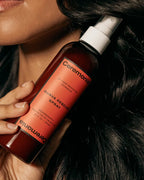 Hand holding Ceremonia Guava Rescue Spray bottle against glossy dark hair, a UV and heat protective detangler.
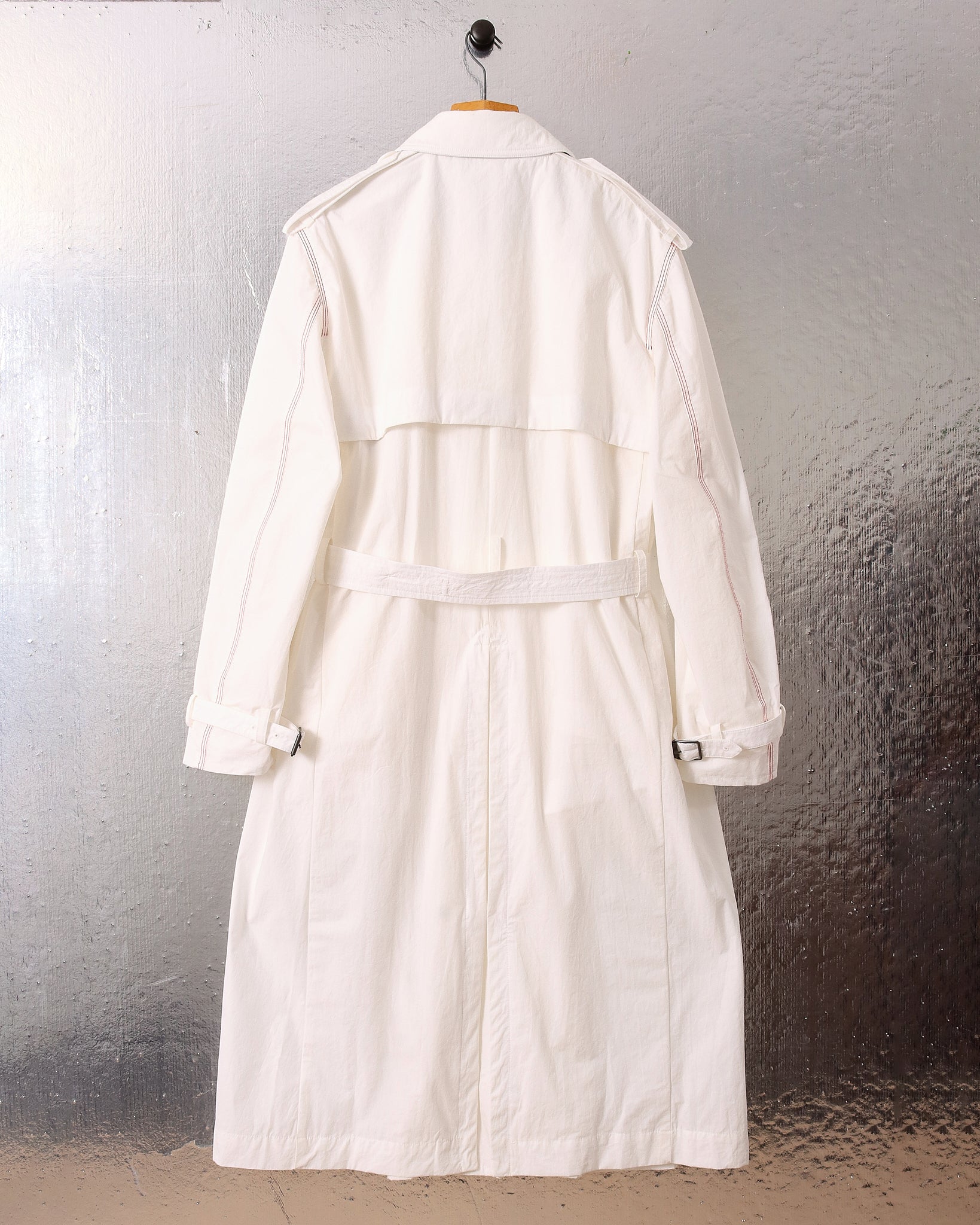 A flat shot of the white 'Sophia' Trench showing the back.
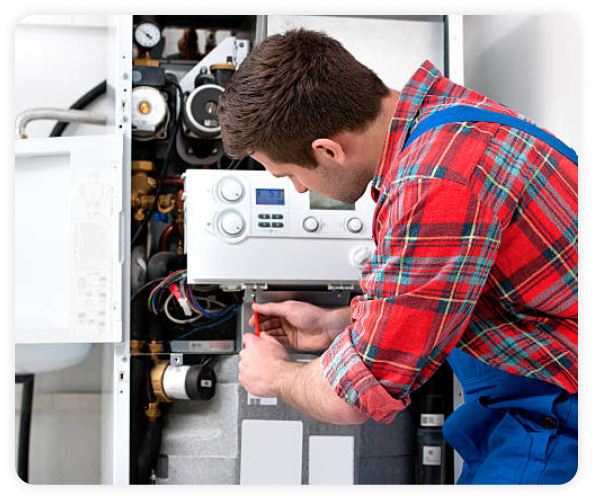 plumber tech working on an electrical pipe control system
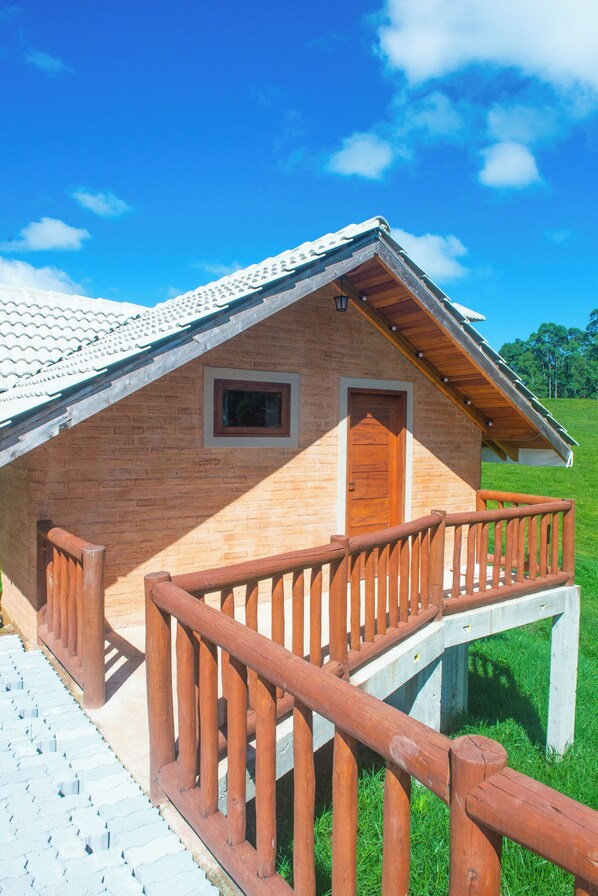 Une cabane en bois avec un balcon, une porte et une petite fenêtre.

· · · ·

**TASK TO COMPLETE:** In your copy of the listing above, reproduce each line exactly and omit all pictures.

**TASK ANSWER:**
 Hand holding Ceremonia Guava Rescue Spray bottle against glossy dark hair, a UV and heat protective detangler.
 A flat shot of the white 'Sophia' Trench showing the back.
 plumber tech working on an electrical pipe control system
 Une cabane en bois avec un balcon, une porte et une petite fenêtre.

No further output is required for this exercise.